I'd like to buy some as well... Website didnt have a shop.


----------



## alligood729 (Oct 23, 2013)

BGA said:


> I'd like to buy some as well... Website didnt have a shop.



pm sent to you too...


----------



## GADawg08 (Oct 23, 2013)

dang I wish I had yall's $$$.....spending $50 on broadheads when you are shootin ones that work fine. I must be  in the wrong line of work


----------



## heartstopper4 (Oct 23, 2013)

GADawg08 said:


> dang I wish I had yall's $$$.....spending $50 on broadheads when you are shootin ones that work fine. I must be  in the wrong line of work



They are expensive because they do not damage easily. As long as you can recover the head, you can sharpen the blades and use it many times over. Actually probably saving you money over a few years period! It is worth it to me to buy a quality product that I can depend on.


----------



## OcmulgeeOgre (Oct 23, 2013)

BGA said:


> I'd like to buy some as well... Website didnt have a shop.



Same for me.


----------



## alligood729 (Oct 23, 2013)

OcmulgeeOgre said:


> Same for me.



pm sent to you too!


----------



## Pneumothorax (Oct 23, 2013)

Why all the privacy?  A forum rule of some sort?  

I figure if I wanted to buy some I'd just enter my phone number on their web site and wait for a call back.  Maybe I'm missing something.  If so, please PM me too.


----------



## alligood729 (Oct 23, 2013)

Pneumothorax said:


> Why all the privacy?  A forum rule of some sort?
> 
> I figure if I wanted to buy some I'd just enter my phone number on their web site and wait for a call back.  Maybe I'm missing something.  If so, please PM me too.

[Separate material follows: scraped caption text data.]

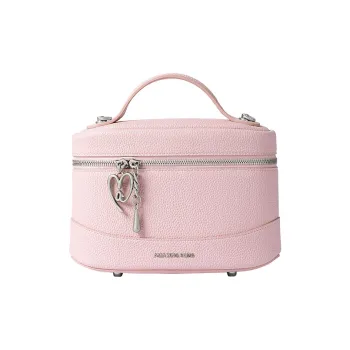 AMAZING SONG Cow Leather Shoulder Bag Women's Plum Black/Milkshake White/Gardenia Yellow/Peach Pink
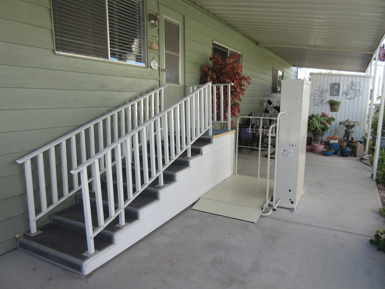 Mac's Lift PL-50 VPL safely bypassing stairs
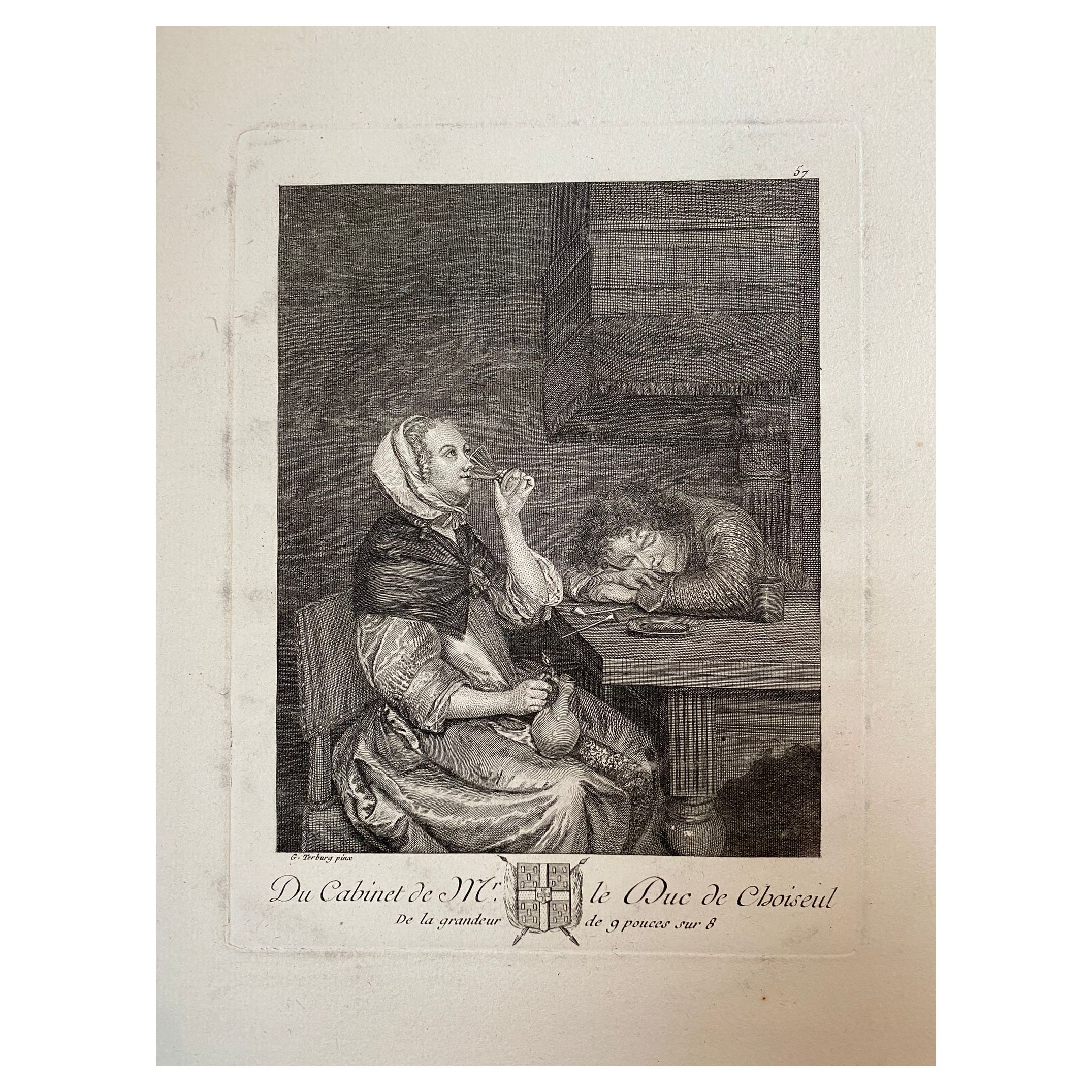 Gerard Ter Borch Genre Scene "The Two Drinkers" Engraving 17th Century  For Sale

pm sent to you as well....


----------



## QuackHead90 (Oct 23, 2013)

Please send me a pm too  thanks man


----------



## baseball_hunter#8 (Oct 23, 2013)

im interested


----------



## savage11006 (Oct 23, 2013)

Me too


----------



## Pneumothorax (Oct 23, 2013)

Just Google BiPolar broadheads.  They're a start-up but they have put up a website.

The owner/inventor is a member here with username bowkill7.  I'm sure a PM to that guy will result in a quick response.  I would hope so anyway.


----------



## BGA (Oct 24, 2013)

I think he isnt releasing the owners # as it might be a little too intrucive. However I did find a website that is selling these online. 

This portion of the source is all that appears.